Trump is relying on two powers the law grants him: One lets him redirect Army civil works projects toward "authorized civil works, military construction and civil defense projects that are essential to the national defense." The other permits the secretary of defense to begin military construction projects "necessary to support such use of the armed forces." (Obvious, but worth reiterating: This all presupposes an actual emergency.)
In Washington, the few Republicans who still bother pretending at intellectual honesty are furiously stroking their chins, fretting about what a Democrat could do with such powers. (Address climate change? The horror!) Maybe they'll vote with Democrats to condemn Trump's declaration — or not, as most have the backbone of a squid — but it's unlikely there'll be enough votes to override a veto.

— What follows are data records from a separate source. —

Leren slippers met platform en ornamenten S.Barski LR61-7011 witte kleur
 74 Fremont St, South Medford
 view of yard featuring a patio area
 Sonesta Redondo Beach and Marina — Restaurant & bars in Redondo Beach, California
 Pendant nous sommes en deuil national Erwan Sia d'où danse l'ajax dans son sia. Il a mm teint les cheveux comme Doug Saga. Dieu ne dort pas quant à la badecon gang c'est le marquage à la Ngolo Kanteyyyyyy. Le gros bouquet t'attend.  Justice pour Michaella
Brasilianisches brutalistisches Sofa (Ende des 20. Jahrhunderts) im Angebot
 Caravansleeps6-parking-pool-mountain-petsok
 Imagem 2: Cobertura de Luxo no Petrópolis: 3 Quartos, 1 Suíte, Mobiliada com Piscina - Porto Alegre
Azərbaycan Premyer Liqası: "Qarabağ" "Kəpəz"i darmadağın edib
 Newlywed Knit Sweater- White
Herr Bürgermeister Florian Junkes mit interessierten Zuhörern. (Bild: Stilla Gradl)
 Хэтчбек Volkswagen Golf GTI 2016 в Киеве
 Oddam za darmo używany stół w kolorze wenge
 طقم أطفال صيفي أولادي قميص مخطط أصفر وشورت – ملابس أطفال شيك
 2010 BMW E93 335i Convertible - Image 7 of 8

The wall will almost certainly get gummed up in the courts, however, where Trump's elocution Friday — "I didn't need to do this" — won't do him any favors. Still, courts have given presidents wide latitude on what constitutes an emergency, so who knows. (Like so much of the Trump presidency, we're in uncharted waters.) More problematic, Trump wants to reroute military resources to border security, a civilian operation, which courts tend to frown upon. And it'll be difficult to argue that the wall is "essential to the national defense" because, well, judges have eyes.
Even if Trump prevails, nothing is likely to happen before the next election, which, for the president, is just as well. To Trump, building a wall is secondary to looking like he's building a wall. In his mind, declaring an emergency makes him look strong, and having the wall as an election issue gives him license to rage about scary brown invaders, which riles up his base. Sure, Trump probably wants the thing, but for his vanity — because he doesn't want his supporters to think him weak, because he can only envision a legacy through edifices.
At its core, though, this is all farce, a con for the president's simple-minded marks. (If you don't see that, sorry, you're a mark.) But that doesn't mean we should roll our eyes at it. The National Emergencies Act perhaps naively presumed that presidents would use it in good faith, not to subvert the gravity of their office to the pettiness of their ego. Perhaps Donald Trump is too incompetent to be dangerous, but when he's gone, this genie won't want to go back into the bottle.
And the next guy or gal who wants to use a make-believe crisis to circumvent an inconvenient Congress might be able to string a coherent sentence together.